The two met at a party in Ottawa when Stuart interrupted Swain as he was spinning music as disc jockey. The hours they have spent since that night making music and touring together have forged a partnership of deep understanding and trust in one another.
“We’re two very different people so, creatively, that’s good but it’s hard. We have such different mindsets and ways of approaching music and the world and our understanding of the world…I think it makes the music a lot better, but it also makes it a lot harder to work together,” Swain explained.
The beauty and collision of their differences is explored in a broader sense in their latest album, Lush Life, which was released in May 2018 They began writing the album years ago in Berlin but have always known that they wanted to speak about the way we live in cities today.
Lush Life draws inspiration from the Richard Price book by the same name, which they feel aptly captures the reality of having many diverse people living side by side. Throughout the album they examine both the good and the bad sides of metropolitan life.
“I think the good thing is that there’s so many different people… forced, just out of proximity, to interact and engage with each other… But the bad part of that is that we haven’t quite figured out how to do it right, just yet… This is a new thing for us humans,” Stuart explained.
This challenge is exemplified in the indie landscape itself. Stuart is proud to be part of the independent scene for she believes it is where innovation in music takes place. However, she would like to see more diverse audiences, alternative nominees at the Juno’s and rosters across Canada.

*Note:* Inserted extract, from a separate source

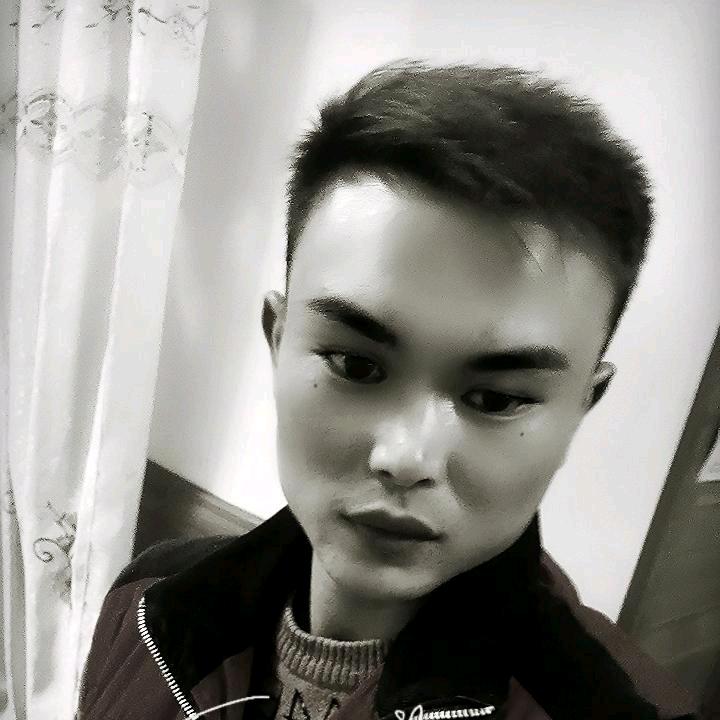 抚断琴弦忆旧情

While dealing with the intersection of their differences is challenging, it has also given birth to beautiful projects. They have been inspired by cities, such as Hamilton, where dissimilarity has united to create new and unique sounds.
The pair mixed their record in the Steel City and spent a summer here exploring Hamilton’s electronic music scene. Stuart looks up to artists such as Junior Boys, Jessy Lanza and others who were inspired by the abandoned steel mills and mixed industrial sounds with others like Detroit techno.
“All these people have existed outside the mainstream industry and as a result seem free of certain industry expectations. [They] created their own unique [and] soulful electronic music sound… I feel like that ethos of just staying true, as simple and cliché as it sounds, just staying true to music and trusting that you will find your people out there, [that’s] what Hamilton has taught me,” explained Stuart.
By staying true to themselves Bonjay has created a sound that amalgamates their different experiences and outlooks. Elements of dancehall in their music is reminiscent of Stuart’s father’s native Jamaica, as is pieces from indie-pop singer-songwriter, Feist, whom they covered during their Supercrawl performance.
Bonjay’s sound is indescribable, but the duo knows how they want you to feel. During Bonjay’s Supercrawl performance, Stuart repetitively asked the crowd to yell out their name. The name is Grenadian slang for ‘good God’ is something her mother’s family exclaims whenever something amazing or unexpected happens.
The melodic blend of both the creators and the different influences is perhaps a microcosm of what cities will be like when we finally get it right. By merging their varied influences, they have created a sound that is difficult to pinpoint but as harmonious and surprising as the cities they are inspired by.